But with heat, that's another story. I can't deduce logically that temperature must increase just because other certain mechanisms were at work first, namely that particles move and collide and et cetera, which causes friction. The question would be then why does friction cause heat (which is mine). Then the answers could be (just like all the ones given here in the thread) that heat is the result of those different aspects being at work. But they don't answer why heat is the result and maybe not something else.

I just don't feel like it has been answered (maybe it can't or I language just confines me how to express it aptly).

>>5728890
I am not really asking whether there must be a creator, because then I could go on and ask why did the creator do it and where did it crom from and why and so on and so forth.
The question is just why a certain observable result is the result of other factors who have been at work prior to it.

It's like going further or deeper. We can explain that heat is created because this and that happens. But now why heat must be the result or why all of this can't just work without it at all.

>> No.5728925

>>5728894
>Quit the semantic bullshit.
And i think you should know better in what context "meaningless" and "arbitrary" are used here.

OP wants to have a sense.
Doesn't matter if light travels at C or C+1 when it's sunday.
It is meaningless in OP's terms.
He wants the absolute explanation of everything.

I think he needs to understand that it's not the limitation of knowledge or time or the physical limitation or our brains or superhyper quantum mystic physics.

"reason" is a meaningless word, as is 'why', in this context.

Even if in the future you discovered crazy physics that could explain why light is C and not A, B or D, the ultimate reason would still be arbitrary, because you can't have it otherwise it just can't, not because of limitation of any kind..

This is not some kind of philosophy or 'theory', it's a natural consequence.

>> No.5728930

>>5728917
The point is, we are explaining it, just as clearly as saying she falls because ice is slick. Just as clearly as saying ice is slick because of momentary compression and the special properties of ice. Those same principles that make ice slick are the same ones that dictate why heat is created.

Each part is intrinsic and integral. You do understand that electrons never really touch, right? You do understand that electrons have energy levels, and that (to a simple point) is how light and heat are created. You do understand that the motion you instigate changes these properties, right? I'm not sure what you're asking. All of this has been explained, and is readily available in most physics texts that deal with these phenomena. I'm not sure what we're missing to your point here.

>> No.5728931

>>5728925
>OP wants to have a sense.
>He wants the absolute explanation of everything.

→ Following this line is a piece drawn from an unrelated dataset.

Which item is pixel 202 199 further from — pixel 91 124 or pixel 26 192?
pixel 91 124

Yes this is what I want. I want to know why certain properties are the way they are.

You're making it even more interesting now for me. I am tempted to ask why it is a natural consequence and why we can never know the reason.

>> No.5728940

>>5728925
Except that it isn't. When you go further, it breaks down further, until we hit the limits of it and it becomes random (like which particles pop into and out of existence - that is hardly arbitrary, but it affects every single other thing which we are discussing.). Saying it's an arbitrary reason implies it was made that way, and the evidence isn't pointing to that. I suppose we could go one step further and say it's not arbitrary that we had a big bang just because it happened. We had a big bang because a bunch of probability popped it into existence. It's not arbitrary, not even in the sense you are using it I think.

>> No.5728946

>>5728930
Yes everything you say is right. We can look at it, observe how things seem to work and then apply connections and logical deduction to see if there are dependencies or not. But you can't answer why some properties are the way they are in the first place.

It's akin to asking why is fire fire and not water?

>> No.5728953

>>5728931
They are that way because that's what we observe. The ocean is blue because we see it as blue. We see it as blue because the photons are received by our eyes in such a way that we recognize it thus. It appears blue because of the photons that are scattered and don't reach your eyes. It's not blue at all, because water is basically colorless and transparent, and the blue is other things in the ocean. We see light because we have light receptors in our eyes and brain which allow us to understand it. We see the blue because of the energy level of the electrons charging the photons to be a particular wavelength when they leave the electrons/are reflected by the electrons. So yes, to one point, blue is a given wavelength and that is arbitrary, but the fact that it does it is governed by other laws which are governed by further laws, laws which we use words to describe and may ultimately be incorrect and inconsistent on some level, and are likely not arbitrary at all.

>> No.5728951

There's a lot of garbage in this thread, but
>>5728709
>>5728739
is a good explanation.

>> No.5728959

>>5728946
Fire is a state of energy. Water is a molecule. That's why. It's what we call those two separate things. Fire gives off light and heat for the same reason rubbing your hands together warms them, basically. States become excited.

>> No.5728969

>>5728953
On the one hand I accept these explanations because they are forces at work we can observe and then label. But they leave questions open like why are our light receptors so that they absorb light in order for us to perceive the world we do?

>>5728959
Yes that's true. But why are the properties like that in the first place? What caused fire to be fire and water water. It doesn't have to be a creator. I just want sense of why a thing is the way it is.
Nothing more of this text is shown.